Poesia enxuta ou masturbação?

Para escrever um texto literário, assuma um olhar poético sobre algo que mexa com vc. E comece a escrever o que vier à sua cabeça, sem repressão, sem pudor, mas com o pé no freio.

Muita atenção, concentração e espírito livre. Sabendo que o leitor quer ler algo novo ou dito de um jeito novo. Sem perda de tempo. Diga tudo sem divagar, sem adjetivar, sem repetir palavras — a não ser que propositalmente e com propriedade — sem enrolar. Ninguém quer perder tempo, ainda menos com abobrinha. Detalhes desnecessários. Não me alugue. Não quero ler poesia para dar sono. Eu quero poesia que me excite. Ou que me nocauteie.

 

PROLIXO PRO LIXO

Mesmo assim, é absolutamente necessária uma segunda leitura, ‘‘o tempo de gaveta”, como disse o Maiaka. Para alguns, Maiakovski. O esquecimento no freezer. Depois, uma releitura, como se Vc/Autor desconhecesse quem escreveu. E pudesse fazer uma avaliação isenta, uma crítica feroz. O enxugamento necessário para ajustar cada palavra e dizer só o que Vc/Leitor gostaria de ver num texto.

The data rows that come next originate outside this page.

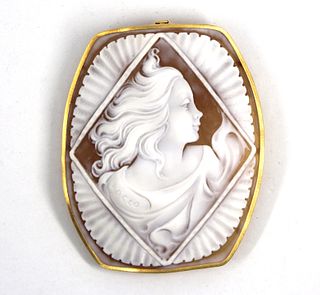 Cameo With 18K Gold Pendant / Brooch Frame
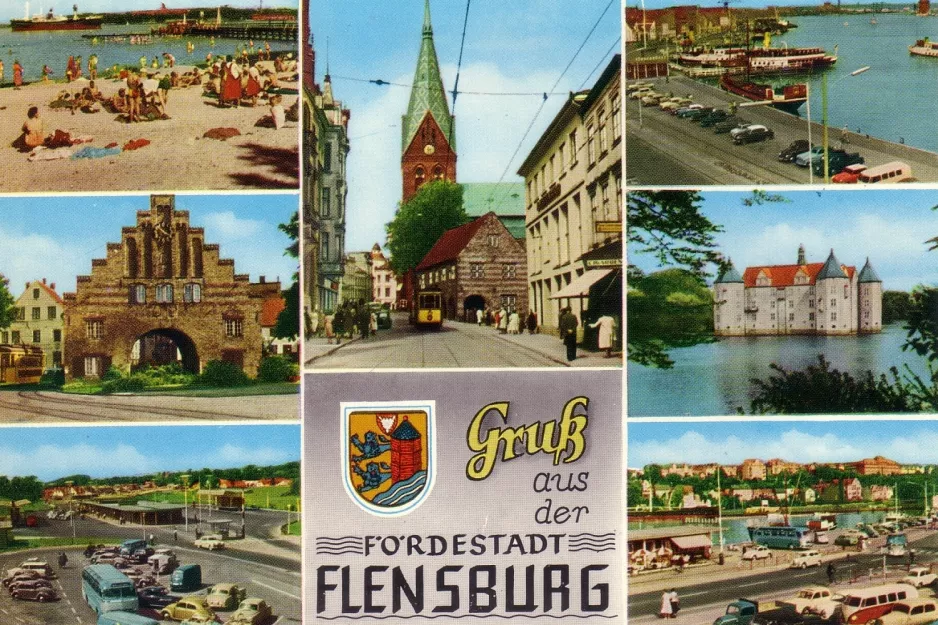 Postcard: Flensburg tram line 1  near Südermarkt (1965)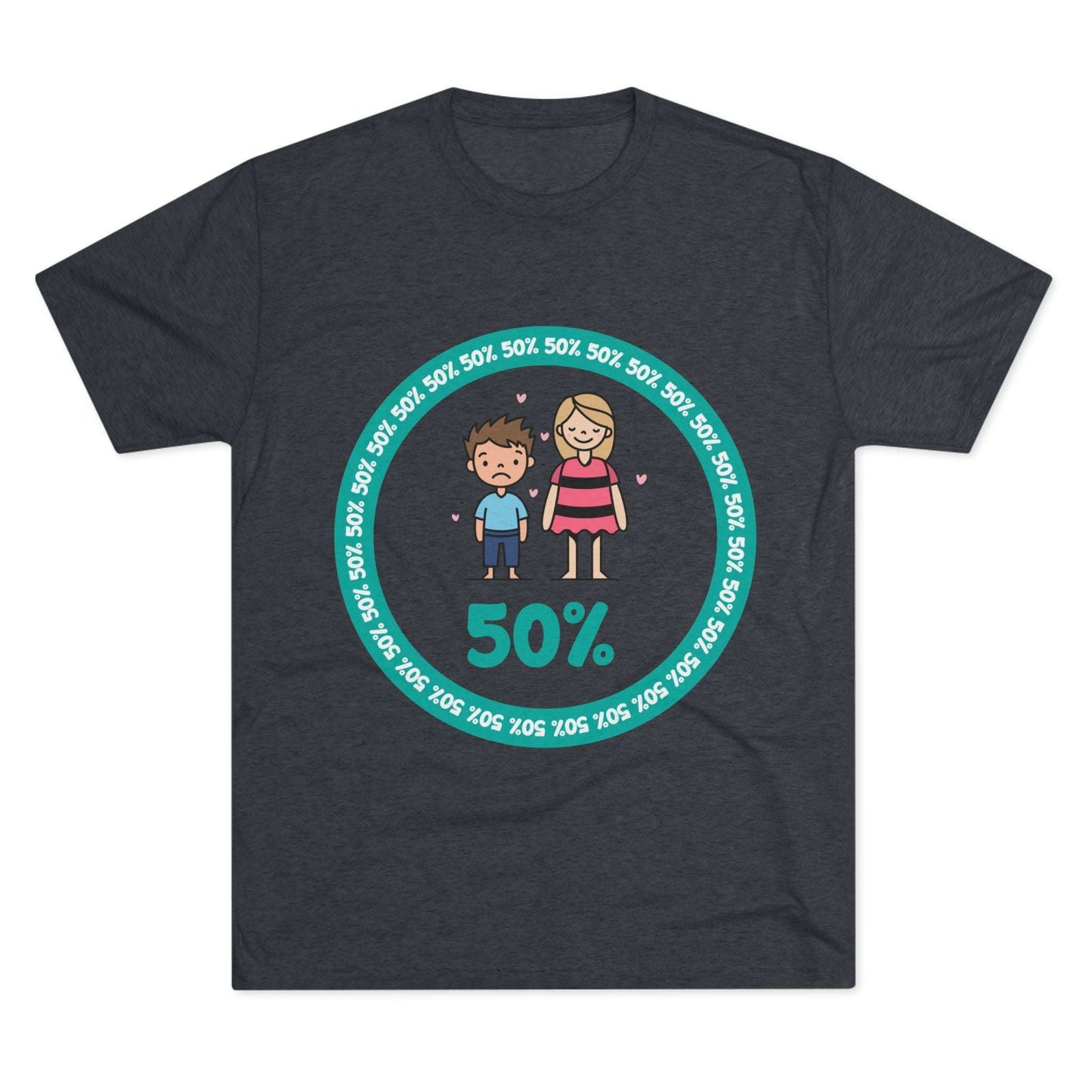 Original Boy Girl 50% Tri-Blend Tee — graphic t-shirt flat-lay, cartoon siblings inside teal 50% circle, repeating 50% pattern, bold 50% text, casual unisex style.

Todo poema deve ter uma unidade. Como um conto, como uma piada. Não cabe mais escrever “como os nossos pais”. E pior, como se eles fossem ler para os nossos avós. Com informações desnecessárias ou registros realistas não só de personagens como de ambientes e circunstâncias. Com explicações barrocas, ou pior, estilo rococó. Não cabe mais uma nova versão de Tabacaria ou A luta corporal, por exemplo.

Para escrever poemas longos, o poeta tem que ser gênio. Maior do que o Pessoa ou do que o Gullar. E buscar um público específico. Não o povo que lê, e sim uma minúscula elite acadêmica, com disponibilidade de tempo integral, ou senhoras e senhores aposentados.

Poucos são os poetas que sequestram o leitor com sua inteligência e sensibilidade. Poesia é filé mignon, como sabia Paulo Leminski e como dizia Wally Salomão. E não foi à toa que Oswald de Andrade criou o poema minuto, há quase um século. E que o haicai volta agora com toda a força, repaginado. Com rimas, métrica livre, temas bem variados e, muitas vezes, humor escancarado, bem brasileiro, mais carioca.

Mas nada disso importa se o texto for fodástico.